Hello,

Gnunet is flooding my disk with a huge log file in ~/.cache/gnunet/gnunet-2020-080-26.log, this file contains lots of such entries:

Aug 28 10:01:06-523074 util-service-967 WARNING Processing code for message of type 367 did not call `GNUNET_SERVICE_client_continue' after 39 h

Before looking at the root cause of these logs, I'd like gnunet NOT to log things on-disk, but to send its logs to syslog() instead so I could review them with systemd's journalctl. Question is - how should I proceed?

I noticed that gnunet mostly logs things by calling a LOG() function that is redefined on a per-module basis and usually points to GNUNET_log_from(), the latter being a short #define snippet in include/gnunet_common.h that may call GNUNET_log_from_nocheck() from util/common_logging.c, which itself calls a static mylog() function from the same module.

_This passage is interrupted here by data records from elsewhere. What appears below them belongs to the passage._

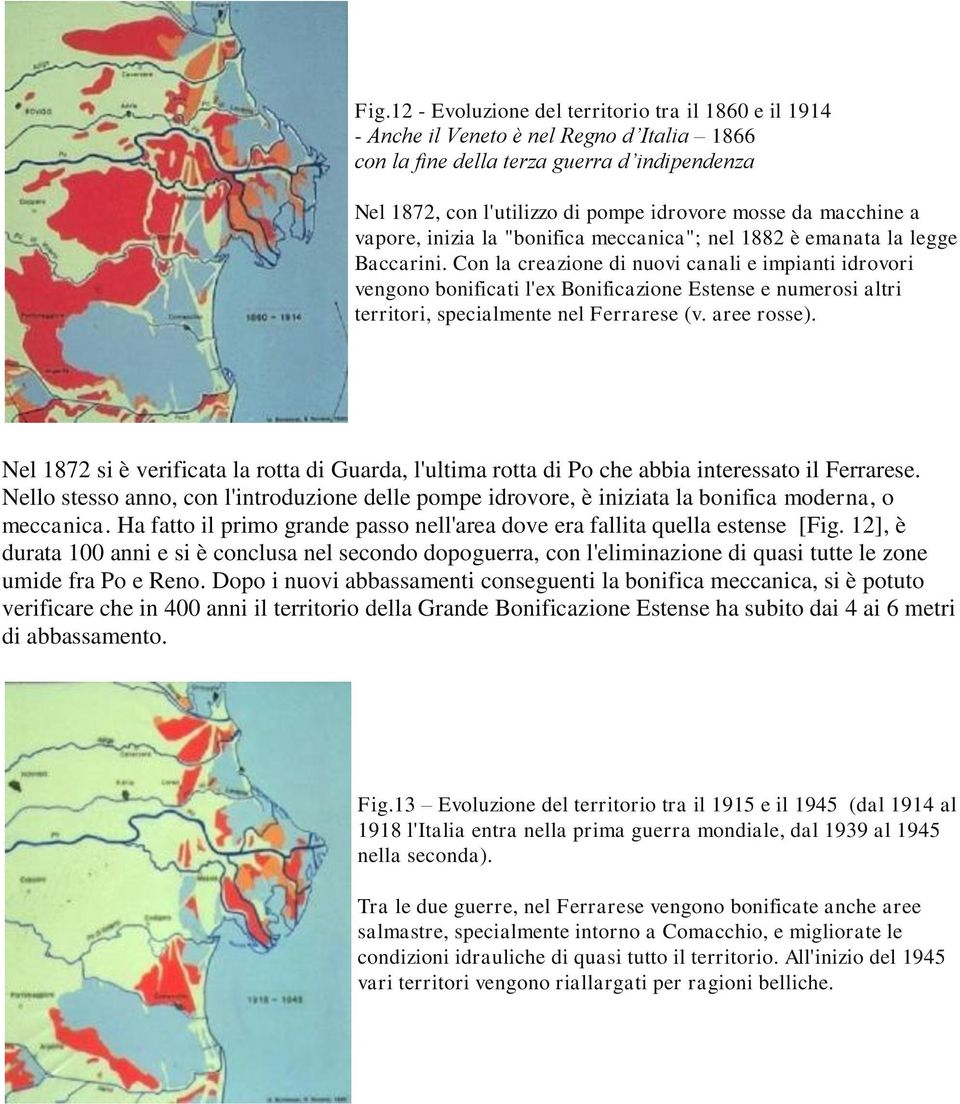 Con la creazione di nuovi canali e impianti idrovori vengono bonificati l'ex Bonificazione Estense e numerosi altri territori, specialmente nel Ferrarese (v. aree rosse).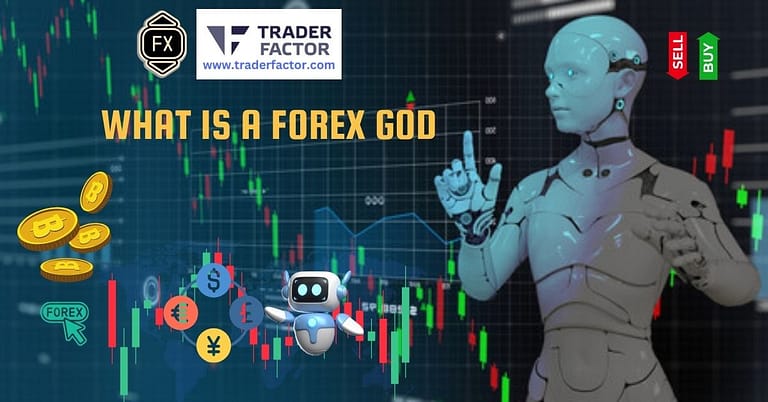 What Is a Forex God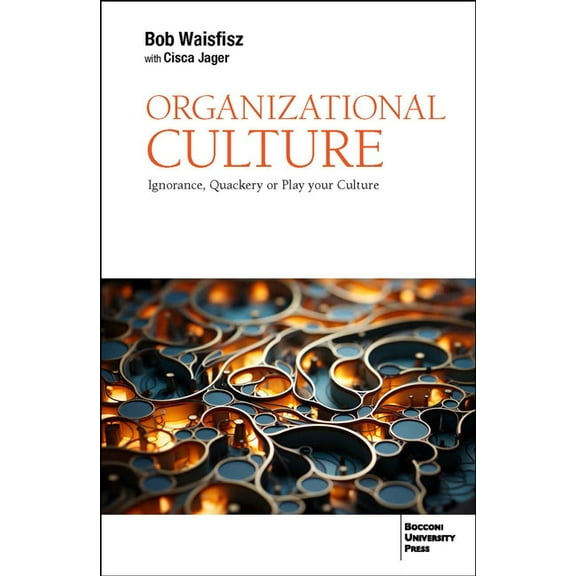Organizational Culture: Ignorance, Quackery or Play Your Culture, (Paperback)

The amount of chained functions and definitions is slightly confusing me, so before blindly hacking the code, I'm asking here: what would be the "proper" way I should follow to make gnunet output logs through syslog? In common_logging.c there are some convenience functions like GNUNET_logger_add() and GNUNET_logger_remove() - but I have no clue how one is supposed to interact with them. Any hints please?

On a side note - is there some kind of documentation about the code architecture? I mean typically - "what does module x is supposed to do, in what context it is called and by who".